FIG. 4 illustrates a pigtail connection according to an aspect of the present invention in a manner that directly heats both bimetals 42a,b of a bimetal assembly 42. The pigtail connection shown in FIG. 4 also allows a pigtail conductor 46 to be fastened to the free ends of the bimetals 42a,b from one direction, simplifying the assembly process. It also allows the yoke to be attached to the opposite side of the bimetal assembly 42 without having to accommodate the pigtail conductor 46, yielding a more consistent assembly process.
As shown, a notch 43 is formed in the bimetal 42b to allow access by the pigtail conductor 46 to both bimetals 42a,b from one direction. The tail ends 48a,b of the pigtail conductor 46 can be fastened to both free ends of the bimetals 42a,b from one direction. A yoke, such as the yoke 20 in FIG. 1 or the yoke 33 in FIG. 3, is welded to the other side of the bimetal 42a. A load terminal 45 is welded to the bimetal 42a at its load end.
In FIG. 5, mirror-image notches 53a,b are formed on respective bimetals 52a,b as shown so that both bimetals 52a,b have the same cross-sectional profile at their free ends. These notches 53a,b also permit the tail ends 58a,b of the pigtail conductor 56 to be welded from either direction. On the side where the pigtail conductor 56 is not fastened, a yoke, such as the yoke 20 in FIG. 1 or the yoke 33 shown in FIG. 3, is welded at the free end of the bimetal 52b. A load terminal 55 is welded to the bimetal 52a at its load end.
In an embodiment in which four bimetals are used, such as described above, the notches may be staggered like those in FIG. 5 to permit the pigtail conductor tail ends to be fastened therein for each bimetal.
Words of degree such as “substantially” or “about” are used herein in the sense of “at, or nearly at, given the process, control, and material limitations inherent in the stated circumstances” and are used herein to keep the unscrupulous infringer from taking advantage of unqualified or absolute values stated for exemplary embodiments.

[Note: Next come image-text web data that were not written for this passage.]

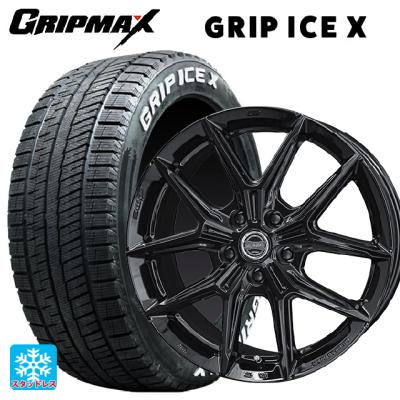 225/50R18　スタッドレスタイヤ 225/50r18 スタッドレス 新品4本セット 商品一覧 - コニシタイヤ Yahoo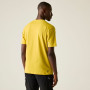 Camiseta de hombre Dare 2b Movement III Tee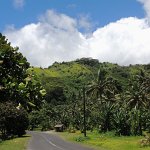 Polynesien_2016_817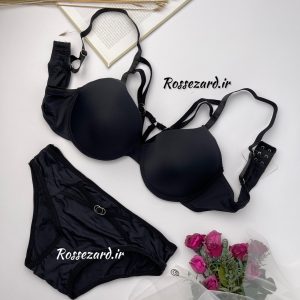 ست اسفنجی هارنس فنردار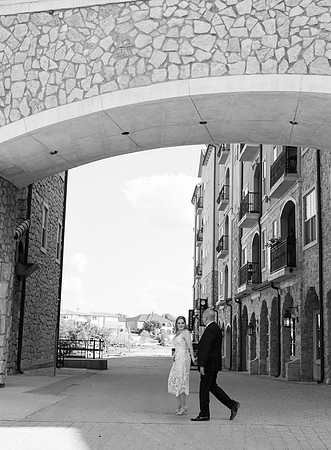 Lupeny photopgraphy-9018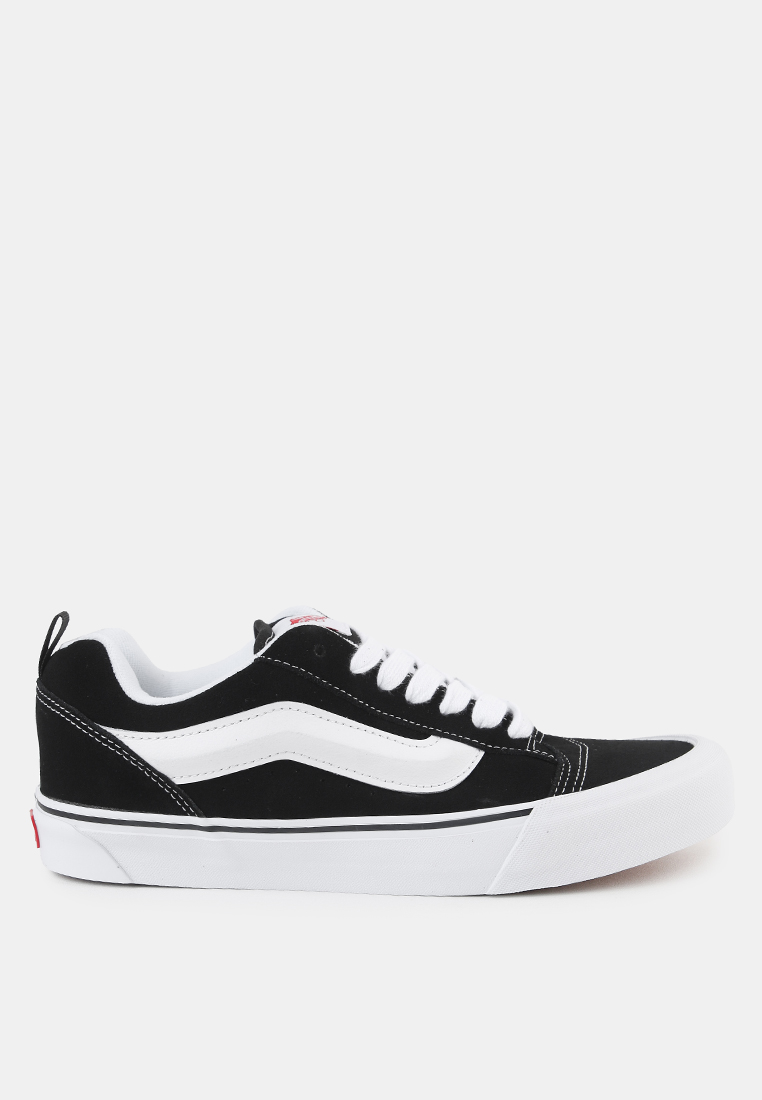 VANS Knu Skool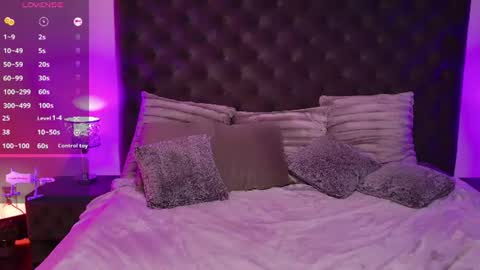 debinnyneanalover online show from July 2026 11:12:02 AM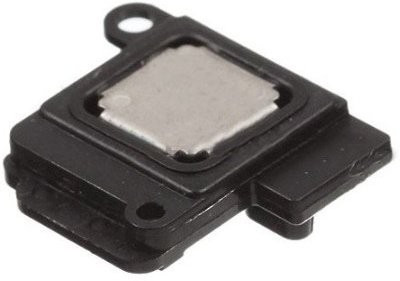 Shockware Earpiece Replacement Part_102 Apple iPhone 5S Ear Speaker
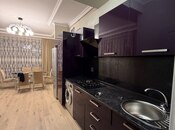 Продаётся 3-комн. новостройка 72 м², м. Мемар Аджеми, photo 6 from 8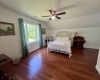 575 Weaver Road, Belington, West Virginia 26250, 4 Bedrooms Bedrooms, 12 Rooms Rooms,3 BathroomsBathrooms,Single Family Detached,For Sale,Weaver,10159832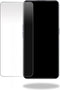 Mobilize Screenprotector geschikt voor Realme 9 4G Glazen | Mobilize Screenprotector - Case Friendly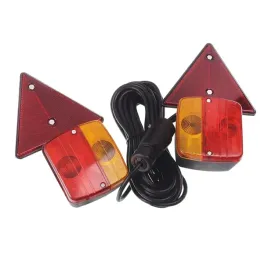 zestaw-swiatel-przyczepy-75m-25m-kompletny-z-trojkatami-mocowanie-na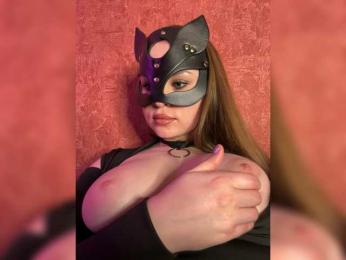 Ms_chertovka webcam bongacams model stream image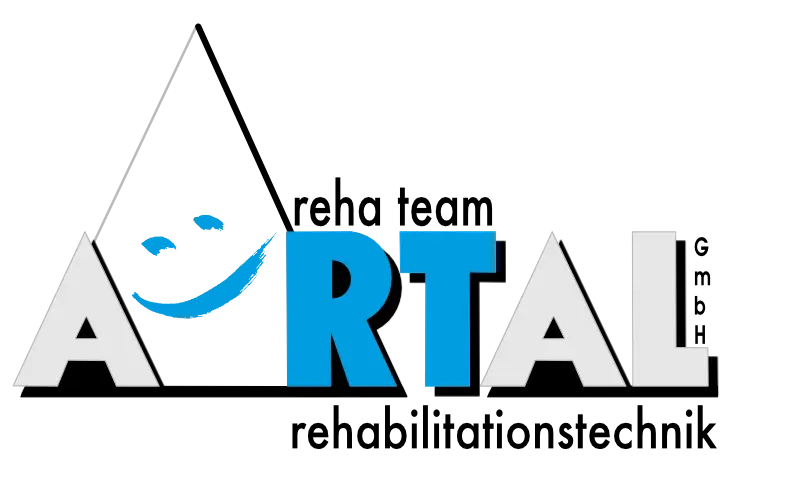 Reha-Team Aartal GmbH – Bild 3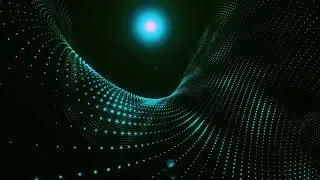 Deep & Hypnotic Progressive Flow | Progressive House Mix 2026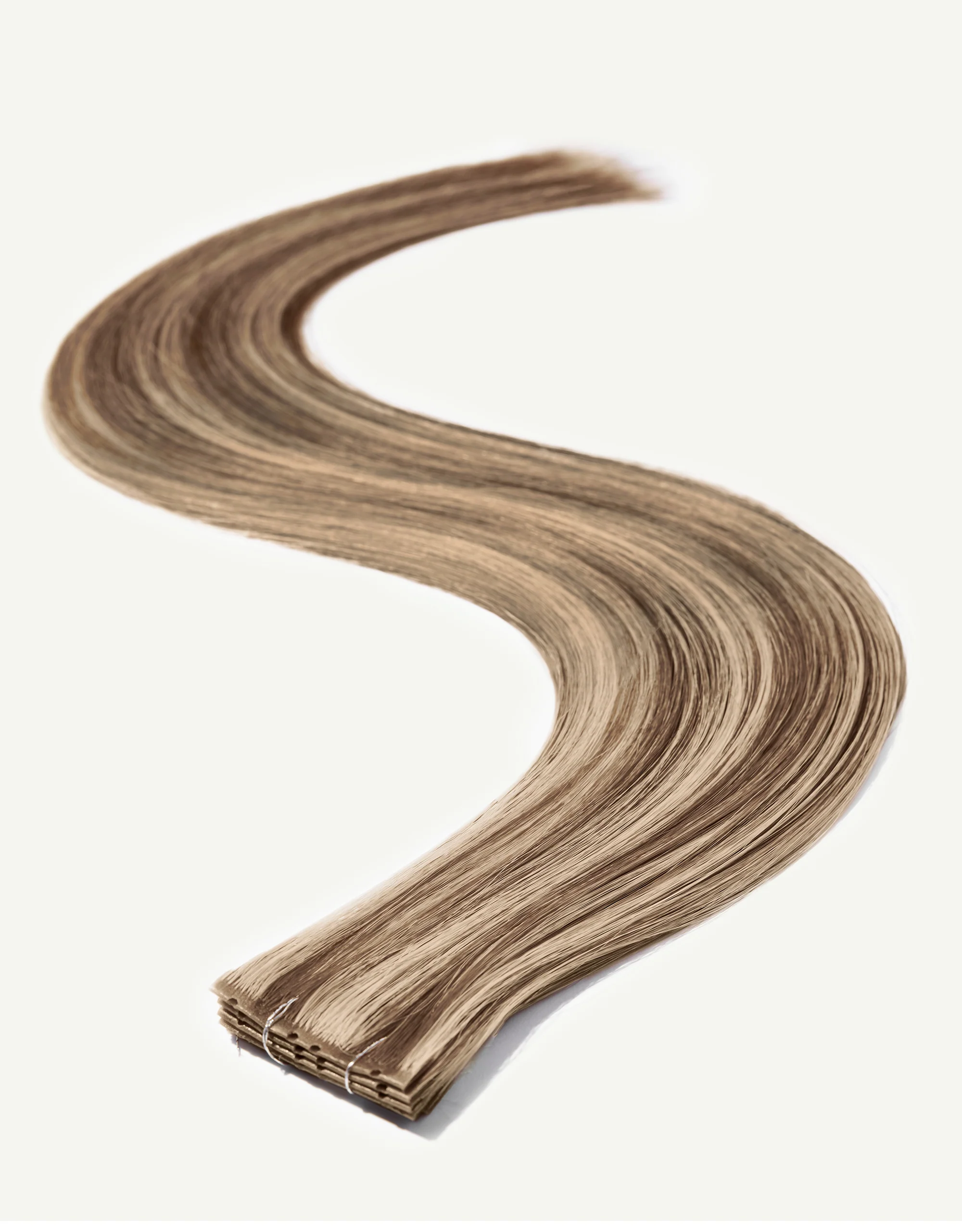 16" Elegance Twin Tabs - Micro Weft - Image 74
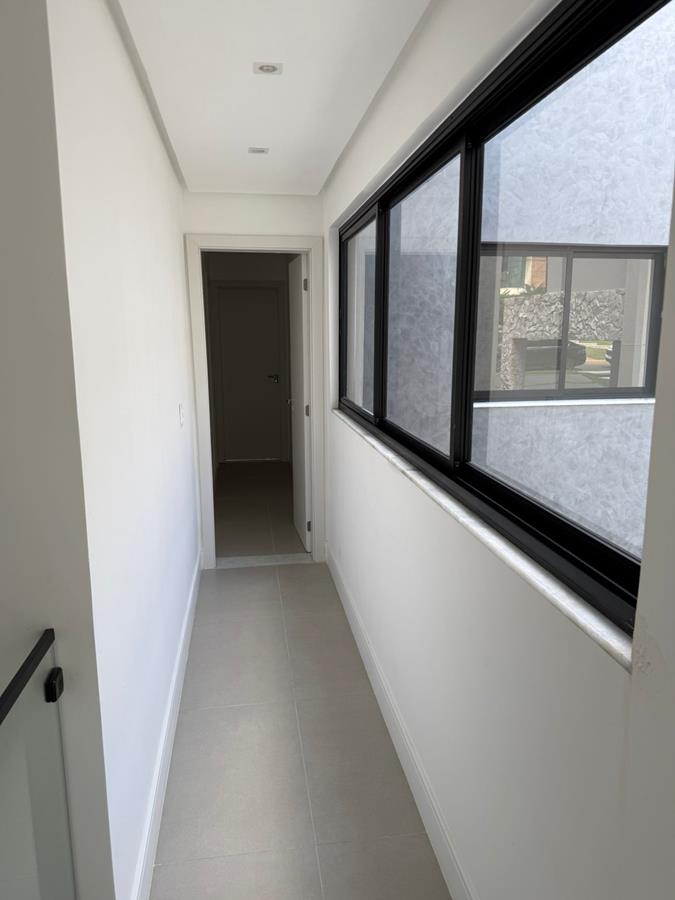 casa-venda-alphaville-litoral-norte-2-4-suites (4) Casa de luxo à venda no Alphaville Litoral Norte 2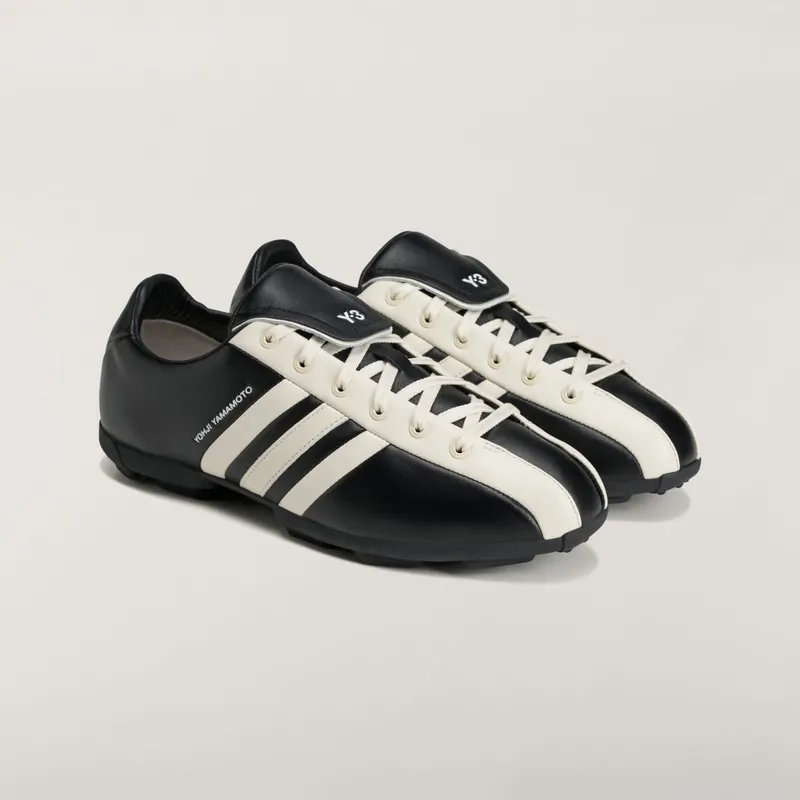 adidas-y-3 KI2671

While particular embodiments and applications of the present invention have been illustrated and described, it is to be understood that the invention is not limited to the precise construction and compositions disclosed herein and that various modifications, changes, and variations may be apparent from the foregoing descriptions without departing from the spirit and scope of the invention as defined in the appended claims.